## WHAT THIS TASK INVOLVES
Restate word for word the entries below, starting with the line with "Appartamento Lora Flowers" and continuing through the line with "SQUARE D 40". Include both of those lines and no others.

## DATA FOR THIS EXERCISE
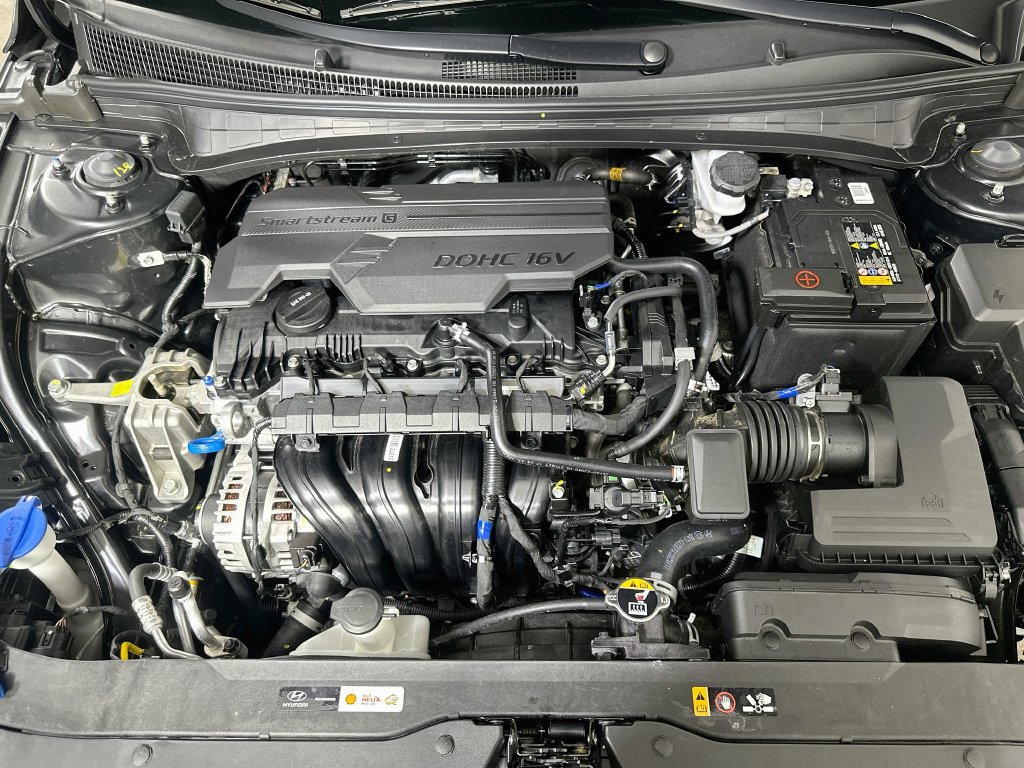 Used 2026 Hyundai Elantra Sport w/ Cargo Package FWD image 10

---

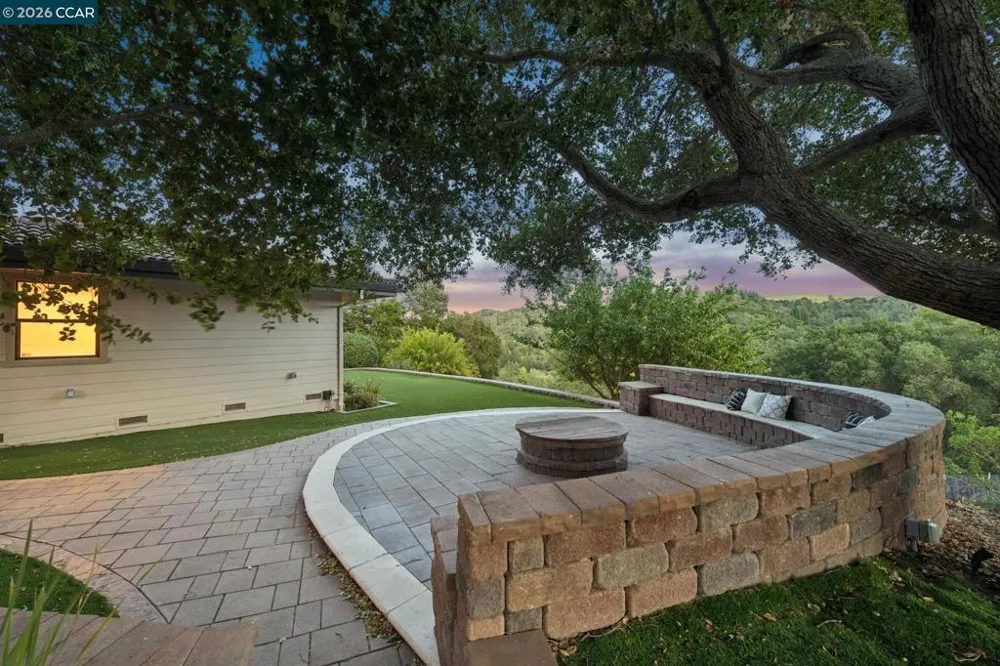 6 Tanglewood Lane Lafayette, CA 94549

==

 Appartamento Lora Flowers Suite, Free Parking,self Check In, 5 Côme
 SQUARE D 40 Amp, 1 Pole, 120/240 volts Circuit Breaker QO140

## RESULT
 Appartamento Lora Flowers Suite, Free Parking,self Check In, 5 Côme
 SQUARE D 40 Amp, 1 Pole, 120/240 volts Circuit Breaker QO140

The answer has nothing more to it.